«Когда я раздеваюсь на сцене, то каждый раз безумно стесняюсь» Интервью Ларса Айдингера, сыгравшего Николая II в «Матильде»
Мы рассказываем честно не только про войну. Скачайте приложение.
«Матильда» Алексея Учителя стала одним из самых обсуждаемых российских фильмов 2017 года задолго до премьеры (она состоится только 26 октября). Депутат Госдумы Наталья Поклонская несколько раз обращалась в прокуратуру с просьбой проверить картину, в которой рассказывается о романе Николая II c балериной Матильдой Ксешинской, на предмет оскорбления чувств верующих. 13 июня Алексей Учитель рассказал, что эксперты Санкт-Петербургского государственного университета изучили фильм и не нашли в нем ничего оскорбительного. Немецкий актер Ларс Айдингер (берлинский театр «Шаубюне»), сыгравший в «Матильде» роль Николая II, приехал в Москву на открытие 3-го Еврейского кинофестиваля: там он представил другую картину, драму «Вчерашний расцвет». Антон Долин встретился с Ларсом Айдингером, чтобы поговорить о «Матильде» и претензиях к фильму.
— Вы наверняка уже знаете, что в России вас считают порноактером.
— Знаю.
— И как к этому относитесь?
— Честно говоря, поначалу я смеялся. А потом осознал, что смеяться особо не над чем. Люди всерьез пытаются помешать выходу «Матильды» на экраны, и я начал опасаться, что у них это может получиться. Вообще-то, я очень рад, что снялся в этом фильме, горжусь своей ролью и, естественно, хочу, чтобы нашу работу оценили зрители.
Я пытался выяснить, откуда пошел слух о моей порнокарьере. Оказалось, из-за моей роли в картине Питера Гринуэя «Гольциус и Пеликанья компания» (2012). Кому может прийти в голову назвать Гринуэя режиссером порнофильмов? Там действительно есть одна сцена, в которой я появляюсь обнаженным с эрекцией. Но ни одного эпизода с сексуальным актом и пенетрацией там, разумеется, нет, а для меня именно это — определение порнографии.
— У нас в России никакого четкого определения не существует.
— Вот как? Я думал, порно — это когда занимаются сексом перед камерой, а такого опыта у меня никогда не было.
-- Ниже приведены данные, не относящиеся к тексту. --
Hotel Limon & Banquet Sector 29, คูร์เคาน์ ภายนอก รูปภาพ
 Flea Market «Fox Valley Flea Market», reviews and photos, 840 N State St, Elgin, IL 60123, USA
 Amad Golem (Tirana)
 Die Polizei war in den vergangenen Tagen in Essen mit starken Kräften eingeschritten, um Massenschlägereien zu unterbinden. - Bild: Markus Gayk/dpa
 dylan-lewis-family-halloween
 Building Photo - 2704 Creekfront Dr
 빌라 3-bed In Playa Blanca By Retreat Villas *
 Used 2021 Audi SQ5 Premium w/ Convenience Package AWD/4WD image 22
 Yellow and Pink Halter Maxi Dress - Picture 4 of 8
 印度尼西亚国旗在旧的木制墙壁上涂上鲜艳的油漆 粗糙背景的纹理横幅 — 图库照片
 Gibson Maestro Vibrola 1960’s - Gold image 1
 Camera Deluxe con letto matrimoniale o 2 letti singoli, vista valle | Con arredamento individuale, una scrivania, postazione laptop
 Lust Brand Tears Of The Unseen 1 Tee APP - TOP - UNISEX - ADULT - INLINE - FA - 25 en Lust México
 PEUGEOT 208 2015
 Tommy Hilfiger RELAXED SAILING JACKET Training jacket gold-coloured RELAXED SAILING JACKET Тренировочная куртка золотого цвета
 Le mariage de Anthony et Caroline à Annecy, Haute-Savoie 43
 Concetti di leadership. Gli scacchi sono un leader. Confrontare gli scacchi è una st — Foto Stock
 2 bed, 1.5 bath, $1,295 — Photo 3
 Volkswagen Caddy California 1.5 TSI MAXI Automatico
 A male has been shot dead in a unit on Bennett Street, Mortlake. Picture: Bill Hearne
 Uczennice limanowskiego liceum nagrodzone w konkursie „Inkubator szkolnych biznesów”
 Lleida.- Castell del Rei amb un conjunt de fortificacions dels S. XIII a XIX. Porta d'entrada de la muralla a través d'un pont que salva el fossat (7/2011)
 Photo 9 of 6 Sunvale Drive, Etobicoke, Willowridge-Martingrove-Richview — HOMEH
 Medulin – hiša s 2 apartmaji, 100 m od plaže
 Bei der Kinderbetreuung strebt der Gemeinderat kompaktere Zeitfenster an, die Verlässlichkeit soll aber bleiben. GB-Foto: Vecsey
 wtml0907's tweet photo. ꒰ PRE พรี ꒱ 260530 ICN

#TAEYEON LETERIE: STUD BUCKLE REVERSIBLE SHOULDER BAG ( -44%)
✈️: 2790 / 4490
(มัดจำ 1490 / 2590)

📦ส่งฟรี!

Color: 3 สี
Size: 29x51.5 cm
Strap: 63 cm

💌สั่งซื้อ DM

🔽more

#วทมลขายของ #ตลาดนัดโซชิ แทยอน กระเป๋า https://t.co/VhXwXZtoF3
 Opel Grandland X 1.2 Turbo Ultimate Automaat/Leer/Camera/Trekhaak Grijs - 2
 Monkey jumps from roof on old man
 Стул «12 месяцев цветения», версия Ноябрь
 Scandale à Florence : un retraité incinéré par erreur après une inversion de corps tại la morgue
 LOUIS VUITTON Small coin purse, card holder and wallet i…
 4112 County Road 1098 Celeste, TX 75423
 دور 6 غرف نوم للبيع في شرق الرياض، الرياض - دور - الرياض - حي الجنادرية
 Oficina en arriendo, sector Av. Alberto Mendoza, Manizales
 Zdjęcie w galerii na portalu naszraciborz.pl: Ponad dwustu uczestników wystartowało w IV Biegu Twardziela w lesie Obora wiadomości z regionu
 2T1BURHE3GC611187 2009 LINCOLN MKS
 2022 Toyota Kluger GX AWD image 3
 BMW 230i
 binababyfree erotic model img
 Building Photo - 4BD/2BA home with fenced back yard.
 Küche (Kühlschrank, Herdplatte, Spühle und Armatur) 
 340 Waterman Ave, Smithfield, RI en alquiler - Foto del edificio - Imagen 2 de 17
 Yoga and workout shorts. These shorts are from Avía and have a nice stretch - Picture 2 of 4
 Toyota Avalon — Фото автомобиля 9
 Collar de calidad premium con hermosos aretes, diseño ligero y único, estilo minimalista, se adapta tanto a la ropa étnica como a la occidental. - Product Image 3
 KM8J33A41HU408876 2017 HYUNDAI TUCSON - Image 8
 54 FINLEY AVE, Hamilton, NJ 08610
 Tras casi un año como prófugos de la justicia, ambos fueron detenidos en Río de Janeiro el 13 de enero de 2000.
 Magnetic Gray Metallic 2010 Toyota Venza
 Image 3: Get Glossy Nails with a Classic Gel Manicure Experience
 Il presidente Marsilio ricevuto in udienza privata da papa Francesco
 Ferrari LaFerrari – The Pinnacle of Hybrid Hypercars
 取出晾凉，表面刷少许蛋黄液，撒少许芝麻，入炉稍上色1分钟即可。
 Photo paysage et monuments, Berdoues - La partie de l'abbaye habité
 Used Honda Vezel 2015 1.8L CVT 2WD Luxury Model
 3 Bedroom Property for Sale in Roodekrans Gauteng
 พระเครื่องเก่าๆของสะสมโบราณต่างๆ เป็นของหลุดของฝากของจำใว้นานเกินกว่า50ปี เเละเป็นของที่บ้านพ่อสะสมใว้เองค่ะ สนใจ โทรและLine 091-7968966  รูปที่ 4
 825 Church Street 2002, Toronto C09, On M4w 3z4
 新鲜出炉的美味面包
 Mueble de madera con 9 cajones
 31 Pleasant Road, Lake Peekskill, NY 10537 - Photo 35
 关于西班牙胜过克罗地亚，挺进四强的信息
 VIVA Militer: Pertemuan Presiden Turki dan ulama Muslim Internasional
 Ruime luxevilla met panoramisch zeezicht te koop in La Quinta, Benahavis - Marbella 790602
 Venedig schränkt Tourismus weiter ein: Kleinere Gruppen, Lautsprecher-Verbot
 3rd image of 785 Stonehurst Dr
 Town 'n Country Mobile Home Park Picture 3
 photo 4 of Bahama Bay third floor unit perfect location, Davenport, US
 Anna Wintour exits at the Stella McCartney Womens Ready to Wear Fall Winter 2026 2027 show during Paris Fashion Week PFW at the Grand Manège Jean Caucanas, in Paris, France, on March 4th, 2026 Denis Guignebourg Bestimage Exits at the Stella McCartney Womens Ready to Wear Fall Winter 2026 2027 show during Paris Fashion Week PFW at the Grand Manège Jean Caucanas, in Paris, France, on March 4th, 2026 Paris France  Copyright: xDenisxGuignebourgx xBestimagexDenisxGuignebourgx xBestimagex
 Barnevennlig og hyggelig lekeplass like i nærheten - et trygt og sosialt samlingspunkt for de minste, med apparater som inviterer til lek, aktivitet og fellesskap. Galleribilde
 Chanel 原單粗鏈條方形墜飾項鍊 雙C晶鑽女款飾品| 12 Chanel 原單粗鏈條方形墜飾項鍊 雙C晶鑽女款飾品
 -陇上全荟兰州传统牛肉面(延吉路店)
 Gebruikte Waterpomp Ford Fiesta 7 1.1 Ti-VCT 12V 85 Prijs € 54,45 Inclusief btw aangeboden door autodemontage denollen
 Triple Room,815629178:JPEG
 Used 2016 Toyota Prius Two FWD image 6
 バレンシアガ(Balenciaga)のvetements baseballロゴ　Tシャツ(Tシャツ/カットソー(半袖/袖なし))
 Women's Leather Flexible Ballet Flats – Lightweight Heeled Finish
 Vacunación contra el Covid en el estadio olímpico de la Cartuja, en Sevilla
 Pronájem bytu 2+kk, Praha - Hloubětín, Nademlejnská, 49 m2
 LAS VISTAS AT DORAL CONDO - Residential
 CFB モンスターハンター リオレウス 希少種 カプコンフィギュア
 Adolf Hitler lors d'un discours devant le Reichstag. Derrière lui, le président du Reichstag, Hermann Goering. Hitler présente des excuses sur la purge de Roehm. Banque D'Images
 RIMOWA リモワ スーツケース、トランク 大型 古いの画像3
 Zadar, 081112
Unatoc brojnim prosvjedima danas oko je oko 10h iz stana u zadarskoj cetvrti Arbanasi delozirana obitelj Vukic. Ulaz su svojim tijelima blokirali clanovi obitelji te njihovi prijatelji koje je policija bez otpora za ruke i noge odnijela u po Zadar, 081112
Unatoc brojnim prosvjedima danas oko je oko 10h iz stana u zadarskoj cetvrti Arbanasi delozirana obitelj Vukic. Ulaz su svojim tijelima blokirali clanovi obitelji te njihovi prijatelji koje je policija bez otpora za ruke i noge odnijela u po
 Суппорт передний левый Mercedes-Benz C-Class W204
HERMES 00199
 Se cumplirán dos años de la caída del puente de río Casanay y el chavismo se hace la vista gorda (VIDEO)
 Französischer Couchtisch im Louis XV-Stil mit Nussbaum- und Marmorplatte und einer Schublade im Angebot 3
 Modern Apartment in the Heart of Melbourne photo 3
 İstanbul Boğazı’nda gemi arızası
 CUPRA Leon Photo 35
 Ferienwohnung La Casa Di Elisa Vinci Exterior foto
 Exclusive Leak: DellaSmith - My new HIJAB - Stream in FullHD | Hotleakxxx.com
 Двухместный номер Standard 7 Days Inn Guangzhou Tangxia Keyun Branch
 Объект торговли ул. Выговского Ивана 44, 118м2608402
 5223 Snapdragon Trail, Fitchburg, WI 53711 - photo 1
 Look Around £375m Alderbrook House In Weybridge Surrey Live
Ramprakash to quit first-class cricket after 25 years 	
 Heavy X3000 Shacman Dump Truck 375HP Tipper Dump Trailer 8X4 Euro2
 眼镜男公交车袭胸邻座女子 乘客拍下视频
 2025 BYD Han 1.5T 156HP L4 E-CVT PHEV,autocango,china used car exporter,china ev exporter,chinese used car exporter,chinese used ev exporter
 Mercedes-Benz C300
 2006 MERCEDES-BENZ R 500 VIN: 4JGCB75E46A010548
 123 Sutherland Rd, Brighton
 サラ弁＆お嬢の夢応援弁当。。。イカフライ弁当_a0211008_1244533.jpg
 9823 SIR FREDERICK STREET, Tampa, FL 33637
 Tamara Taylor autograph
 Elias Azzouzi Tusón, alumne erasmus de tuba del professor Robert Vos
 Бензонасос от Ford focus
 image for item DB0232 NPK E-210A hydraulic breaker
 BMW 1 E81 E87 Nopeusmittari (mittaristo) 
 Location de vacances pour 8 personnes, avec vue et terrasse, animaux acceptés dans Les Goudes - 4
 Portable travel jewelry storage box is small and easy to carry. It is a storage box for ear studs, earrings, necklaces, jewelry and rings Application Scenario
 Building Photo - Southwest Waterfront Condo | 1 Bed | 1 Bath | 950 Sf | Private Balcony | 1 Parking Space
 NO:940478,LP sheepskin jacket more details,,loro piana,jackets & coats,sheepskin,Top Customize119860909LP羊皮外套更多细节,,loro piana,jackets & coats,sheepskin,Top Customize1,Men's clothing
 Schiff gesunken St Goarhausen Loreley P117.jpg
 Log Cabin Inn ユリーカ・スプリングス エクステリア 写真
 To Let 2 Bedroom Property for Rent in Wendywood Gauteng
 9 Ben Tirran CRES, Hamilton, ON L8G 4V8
Что до сцены у Гринуэя, то эрекция моего персонажа была решением режиссера, он видел в этом образ страсти и энергии.
Короче говоря, я бы хотел, чтобы критики «Матильды» сделали над собой усилие и посмотрели фильм, а потом бы уже сформировали мнение. Я считаю себя серьезным артистом, который стремится заинтересовать публику своим взглядом на человеческую природу. Мы все состоим из ошибок и сомнений, и Николай II — не исключение: он был очень сложной и глубокой личностью. Мне кажется, он заслуживает уважения, и мы оказали ему это уважение. Какой смысл работать над фильмом два года просто ради провокации? Провокация ведет к дистанцированию, а мы хотим чего-то противоположного — чтобы вы увидели конфликт нашими глазами, почувствовали себя внутри этого фильма. Искусство всегда, в конечном счете, является зеркалом.
— Теперешние противники «Матильды» ее не смотрели — и хотя бы поэтому зеркала там не увидят.
— Да, но я хотел бы отнестись к возникшему конфликту всерьез. Слишком легко было бы высмеять противников и лишить их права на протест. Я хочу понять причины их отношения к фильму!
— Получается?
— Вполне. Я бы сравнил это с конфликтом вокруг Pussy Riot. Для нас, европейцев, это история о панк-рокерах, устроивших феминистскую акцию протеста. Но есть другие люди — для них церковь свята, и они пытаются ее защитить. Дело не в том, что я на их стороне, просто мне кажется необходимым понять их точку зрения. Для людей церкви Николай II святой, и они боятся, что наш фильм оскорбит память о нем. Важно ответить им: это не так.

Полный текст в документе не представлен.